Again, the highlight of the show is the second set, but the first set has its own moments. After the band took the stage with a high-energy Punch, they moved through well-played versions of Jim, Ocelot, Reba, and I Didn’t Know. One of the highlights of the first half of the show came in a ‘with-less’ Curtain (second since 2000) that was strongly played and plowed us right into the beginning of Peaches. It was an AMAZING one-two punch. Possum was short but provided serious shredding before ending the set on another high-energy throwdown, Quinn.
When Phish came out for the second set and opened with Chalk Dust Torture, most immediately wondered what the next song would be assuming this would be a quick opener before the jams came out to play. This thinking went all the way through the final verse of the song at the end but eyes quickly widened when Trey led the band with this guitar past the normal closing lick into an ambient jam. Soon, Fish started the delicate Frankie Says beat and after a couple minutes of jamming over that, the surreal song was in full swing–only the third of the era. The song sank into a jam with Fishman becoming more heavy on the drums, almost Timber-Ho-esque. The bands jamming quickly reflected the heavy nature of the drums before we segued perfectly into Undermind.

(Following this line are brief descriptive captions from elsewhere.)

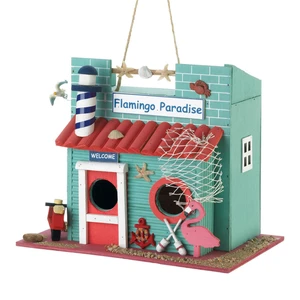 (image for) 10018681 - Flamingo Paradise Birdhouse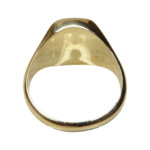14 karaat gouden lagensteen cachet ring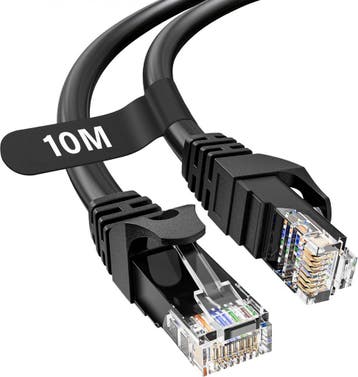 SBVR Ethernet Kabel 10 Meter - Internetkabel - UTP Kabel -, Ophalen of Verzenden, Zo goed als nieuw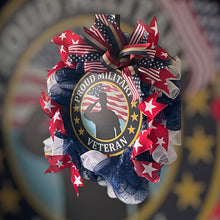 Load image into Gallery viewer, Proud Military Veteran Wreath Patriotic
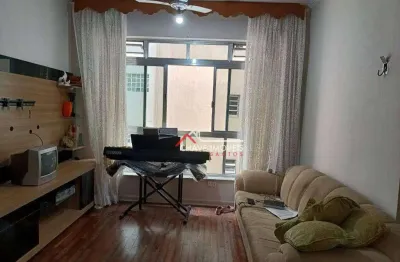 Apartamento com 2 dormitórios à venda, 97 m² por r$ 540.000,00 - pompéia - santos/sp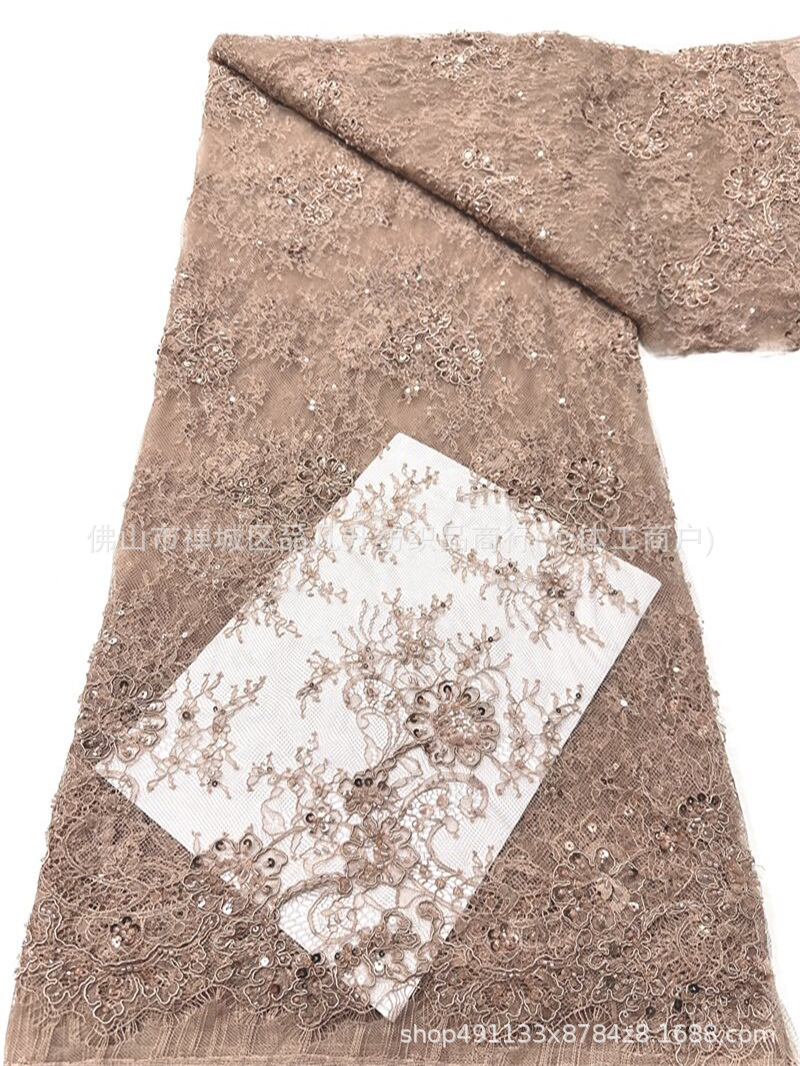 Fabricantes de posicionamiento de automóviles de posicionamiento de perlas de encaje de tela de moda de alta gama ropa de tela de cena comercio exterior transfronterizo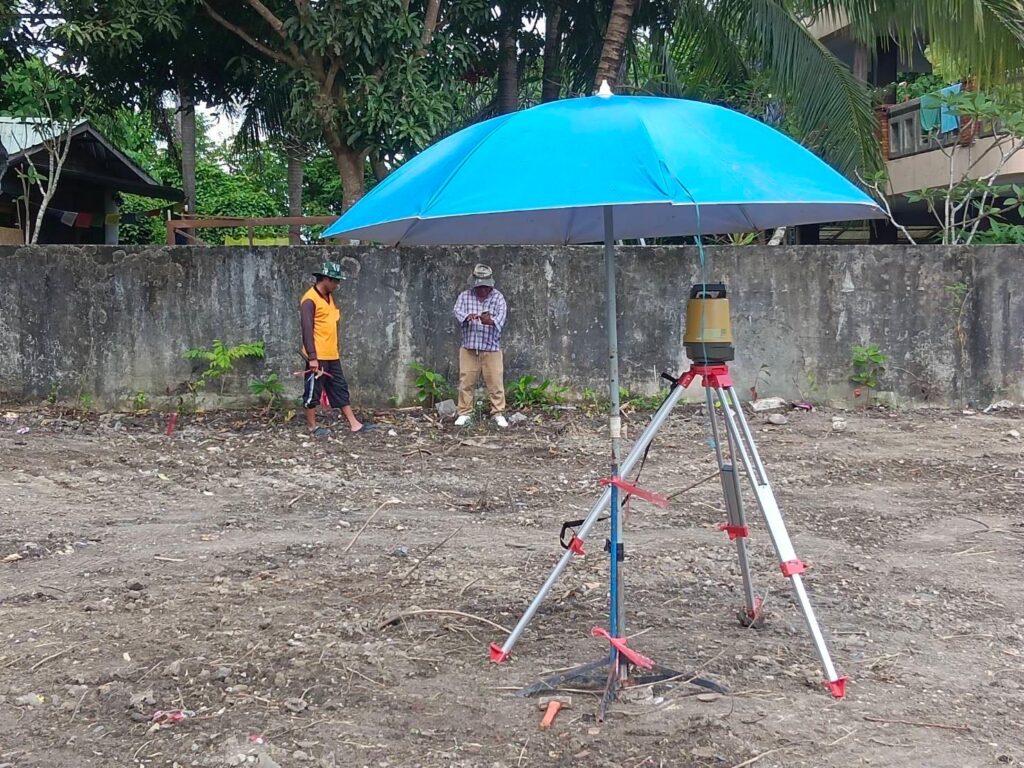 Phuket building permit approved construction site topographic survey Piano Villas precision laser measurement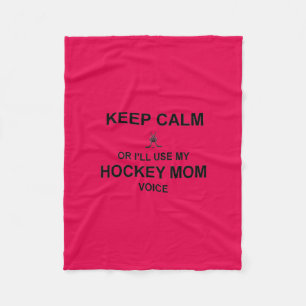 Hockey Mam - Bewaar kalm Fleece Blanket
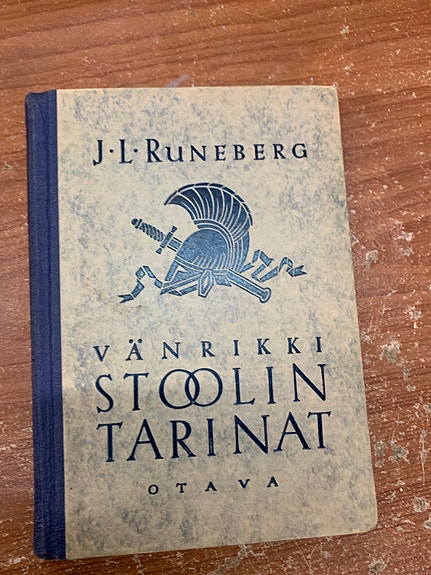 J.L. Runeberg Vänrikki Stoolin tarinat Kirja 1938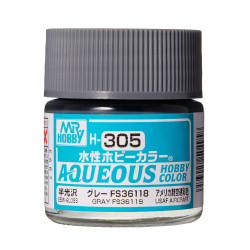 Hobby Aqueous Color Olive Gris satiné / Semi gloss gray FS 36118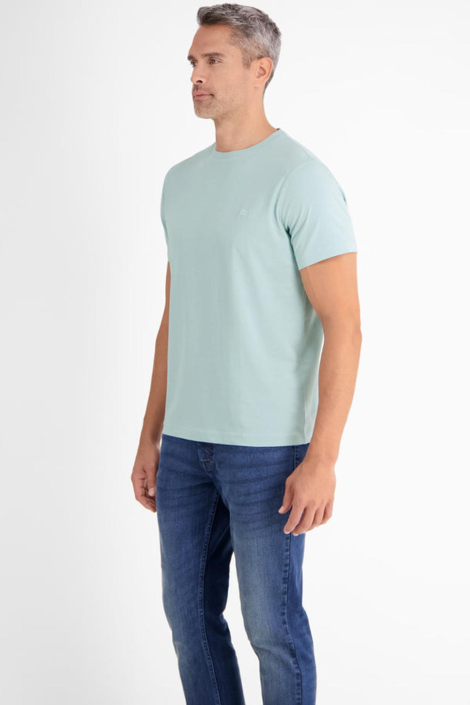 Lerros blauwe heren t-shirt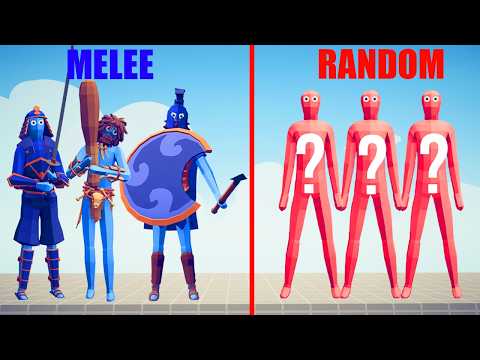 MELEE TEAM vs RANDOM TEAM | TABS - Totally Accurate Battle Simulator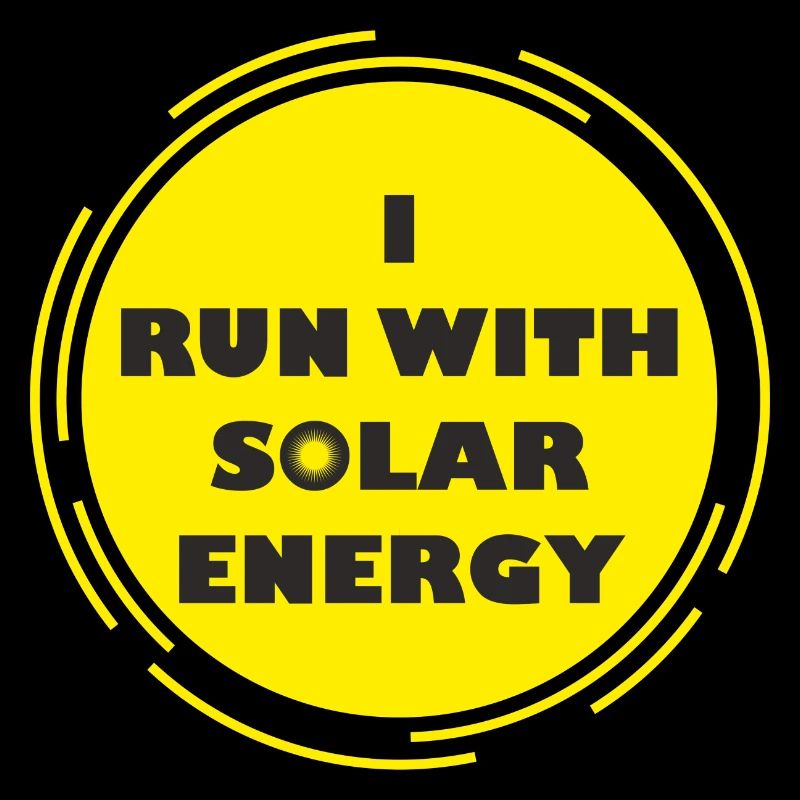 course drôle avec la conception de l'énergie solaire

After UIC’s Undermind in 2011 (also indoors), any time the song is played in a second set (let alone out of another jam), I have high hopes. This quickly dives into a Mike-driven throwdown before Trey so rudely pulls the ripcord by belting out the closing lyrics. After the lyrics it certainly seems like the band wants to keep stretching it but Big Red wasn’t having it and dropped a quick Sand tease before making a bunch of disconnected noise and stopping the improv from going any further. Soon, Trey played the Sand lick again and the band transitioned into it.

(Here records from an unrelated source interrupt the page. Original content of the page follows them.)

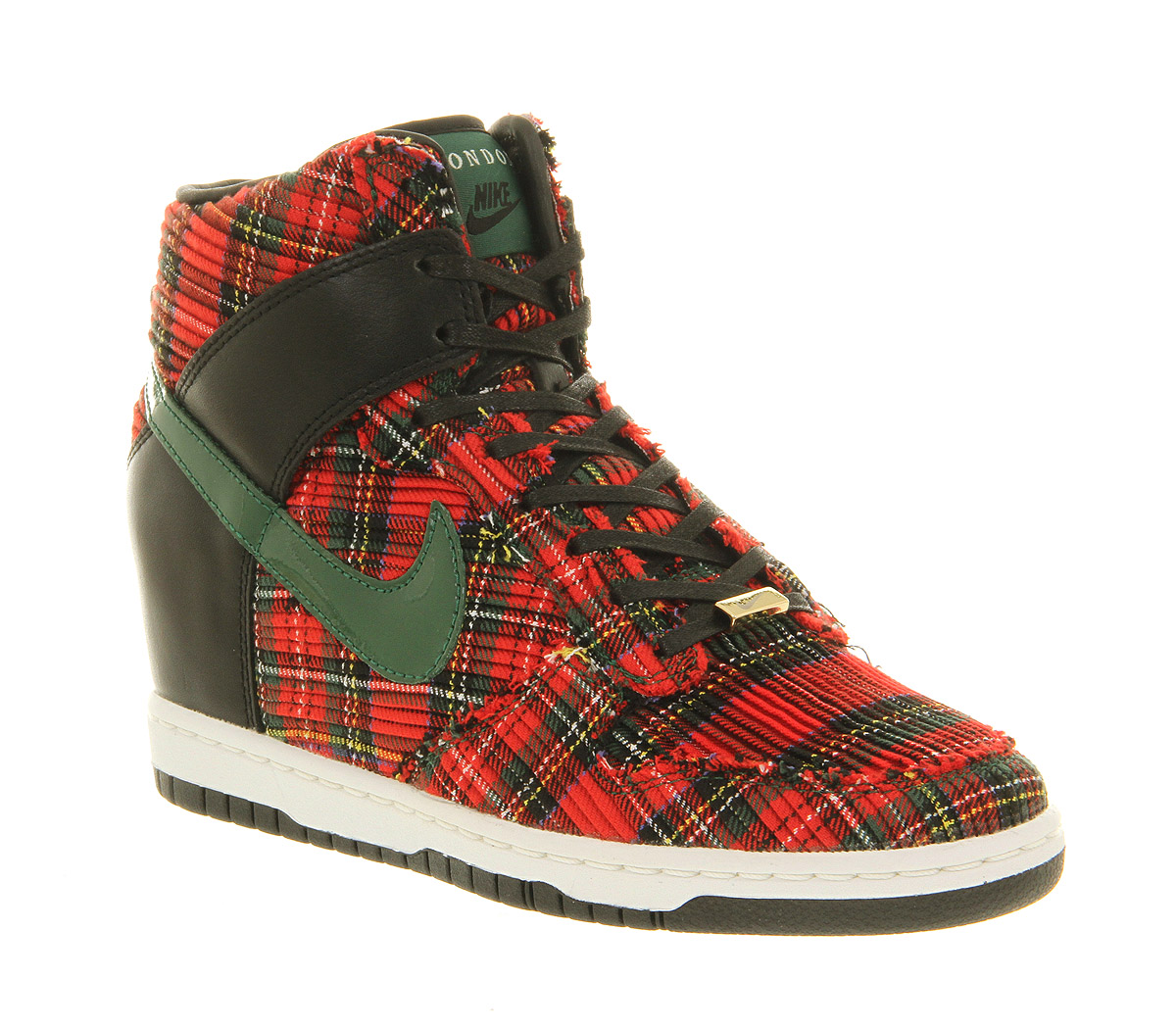green and red trainers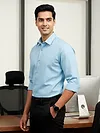 Sky Blue - Plain Cotton Shirts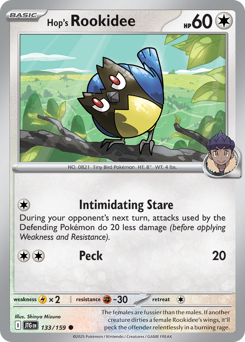 Hop's Rookidee - Journey Together - #133 - Pokemon TCG card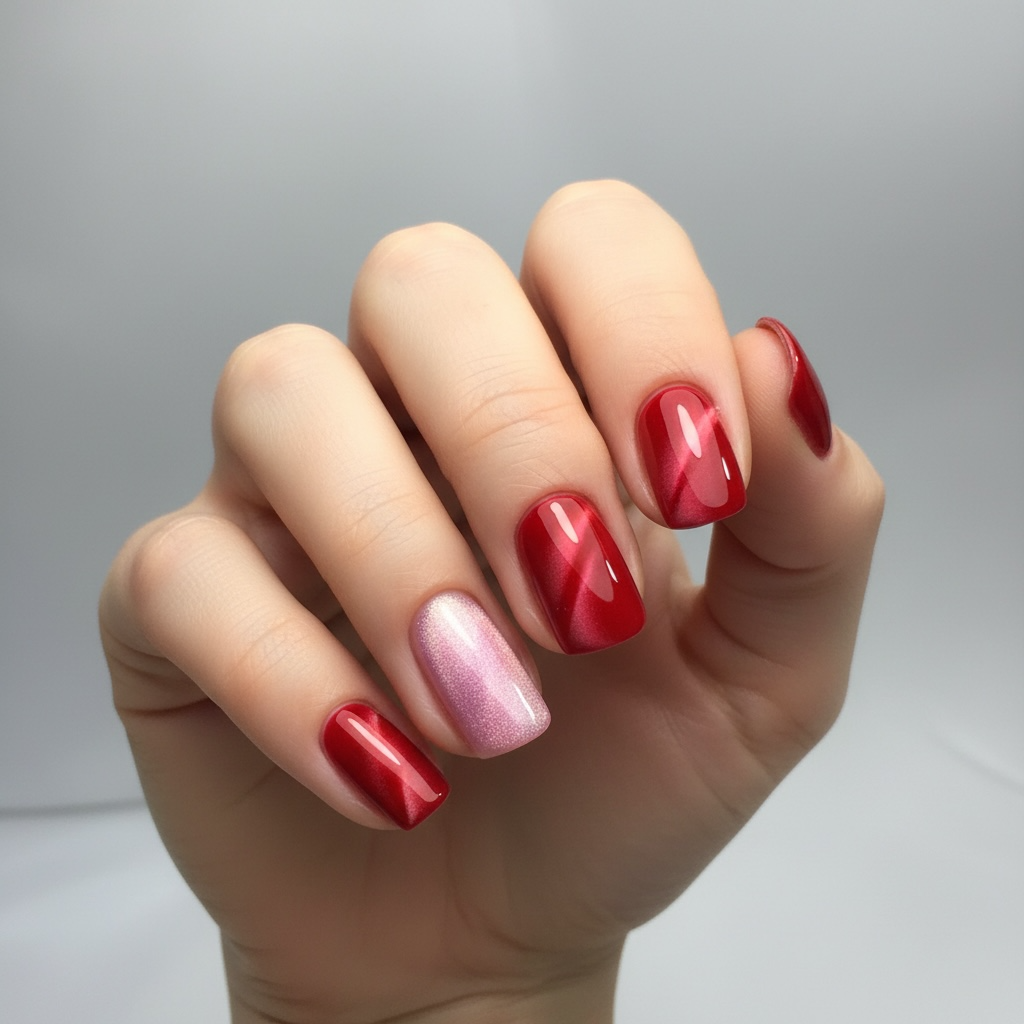 COLOR GEL CAT EYE ROJO VINO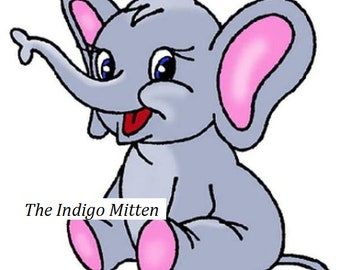 Baby elephant PATTERN for crochet  , PDF digital download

This isn’t quite as funky of a throw down as other second set versions this year, but it reaches a fantastic climax. At a lot of points it sounds like the baby grand is turned up louder than the guitar in fact. The band returns to Sand after the peak before Trey quickly veers everyone right into possibly the most rocking take on Walk Away they have ever played.

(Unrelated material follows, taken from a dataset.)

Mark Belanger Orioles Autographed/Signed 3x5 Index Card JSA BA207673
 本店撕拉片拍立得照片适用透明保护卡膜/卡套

The absolutely smokin’ Walk Away finished in stellar form and Limb by Limb started. A lot of people used the beginning of Limb by Limb to run to the bathroom so they wouldn’t miss the next following segment of the set that would ensue after. After all, Limb often serves as a buffer song, a breather.
Well, those in the bathroom zipped up quick when they heard the quiet Limb by Limb jam go off into uncharted territory–the first time since UIC. As the jam starts off normal, it quickly sinks into a blissful ocean full of subtle whale calls. Trey begins scratching his strings with a slight echo to it before the jam almost completely dies; was this it, just an unfinished Limb by Limb? No. Trey revives the jam with some very forceful rock licks. The entire band slowly catches on and Trey starts getting funky with Fishman completely locked into what Trey’s doing. The jam builds from there gaining a full head of steam into a massive climax. But, out of nowhere, Trey and Fish decide to dive into the ending for a quick stop to what will be one of the best versions of the song ever.
After a lively Julius and a short 2001, another second-set-closing YEM rang out with another painfully standard jam but also another awesome bass & drums segment.
The night was capped off with the soulful Shine a Light before sending everyone off into the streets of St. Louis.